Queridos amigos, hoy celebramos el último domingo del tiempo ordinario, que coincide todos los años con la Solemnidad de Jesucristo, Rey del universo. Disfrutemos de esta hermosa fiesta que nos recuerda que nuestro Señor tiene en sus manos el devenir del tiempo y de la historia. Pero sus manos no son las de la tiranía de los reyes humanos, sino las manos amorosas de Padre que nos conduce hacia su reino de comunión y felicidad.
El profeta Daniel nos narra, en la primera lectura, toda una escena de coronación que acaece en las nubes, es decir, en el mundo de lo divino. Se nos habla de un “hijo del hombre” que avanza hacia un anciano, que representa al mismo Dios. Éste le concede “poder real y dominio; todos los pueblos, naciones y lenguas lo respetarán. Su dominio es eterno y no pasa, su reino no tendrá fin”. Jesús de Nazaret hizo suya la expresión del “hijo del hombre” para designarse a sí mismo. También lo hará para anunciar su muerte cruenta. Sólo tras su Resurrección, sus discípulos reconocieron a Jesús como el “hijo del Hombre” del Profeta Daniel.
Con el salmo 92, que recitaremos como salmo responsorial, el pueblo de Israel aclamaba al Dios-Rey. Como si de una entronización se tratara, se exalta al Señor como Rey de toda la creación. Como hacían los reyes con sus capas, Dios también se reviste, pero de poder inmutable. Su trono es la creación entera, siempre firme y estable, y el adorno de su palacio real, es la santidad. Esto último quizás sea una fina ironía, ya que rara vez los reyes se distinguen por su santidad. Dios es diferente. Es un rey santo y eterno.
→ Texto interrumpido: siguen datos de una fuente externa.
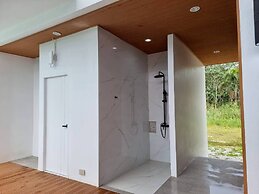 Red Cheek Mountain Villa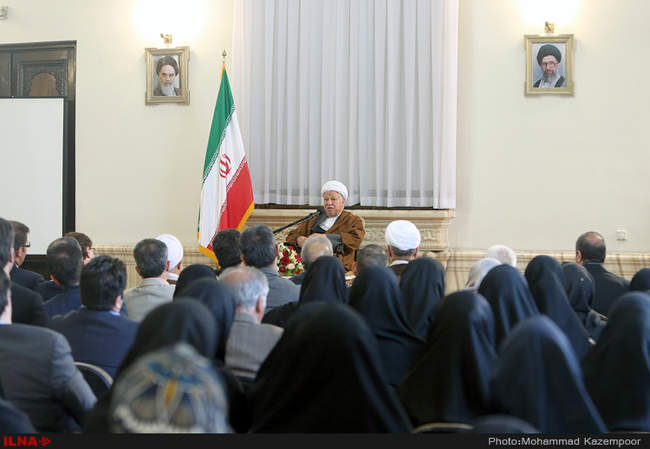 دیدار کارکنان، مدیران و خیرین بنیاد بیماری‌های خاص با آیت‌الله هاش�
El fragmento del libro del Apocalipsis que escucharemos como segunda lectura, es realmente impresionante, y condensa todo el misterio de Cristo. Él es el Testigo Fiel, es decir, el enviado que nos comunica la verdad. El vendrá en las nubes al final del tiempo. Con este detalle se destaca su realeza, su poder. Sin embargo, es el mismo que pasó por el crisol del dolor, ya que es el mismo que fue “traspasado”. Esta alusión a una antigua profecía de Zacarías, nos recuerda la cruz y la sangre derramada. La lectura concluye con esta tremenda afirmación: “Yo soy el Alfa y la Omega, el que es, el que era y el que viene, el Todopoderoso”.
En el Evangelio se proclamará un pequeño fragmento de la Pasión del Señor según san Juan, que todos los Viernes Santo escuchamos de manera completa. Hoy se nos presenta el diálogo mantenido entre Pilato y Jesús en el momento del juicio. Nuestra atención se centra en este pasaje porque es el único en todo el Evangelio en el que Jesús se proclama a sí mismo rey. En otras ocasiones, tras algún milagro espectacular, los discípulos quisieron otorgar al Señor títulos reales pero él siempre los rechazó. Ahora se declara rey, sin tapujos. Pero lo hace maniatado, débil y expuesto a las mayores barbaridades de los romanos y de la turba enfurecida. Este es nuestro rey.
Queridos amigos, la fiesta de Cristo Rey supone introducirnos en una paradoja. Jesucristo es proclamado por la liturgia como Rey del Universo, rey eterno, indefectible, todopoderoso. Sin embargo, el evangelio nos lo presenta como un rey no del orden humano. Su reino no es de este mundo, y así lo comprobamos día a día, en la fragilidad de su cuerpo que es la Iglesia. ¿Dónde está, pues, el poder de Cristo? Sólo está en que Él es el Testigo Fiel, según la expresión del Apocalipsis. Todo el que es de la verdad, escucha su voz. Y esa verdad no es otra que su amor por nosotros mostrado en la cruz. El poder de Dios se manifiesta, principalmente, en su misericordia, decía Santo Tomás de Aquino. Entremos nosotros también esa lógica. El más poderoso es el que abraza más fuerte. ¡Feliz domingo!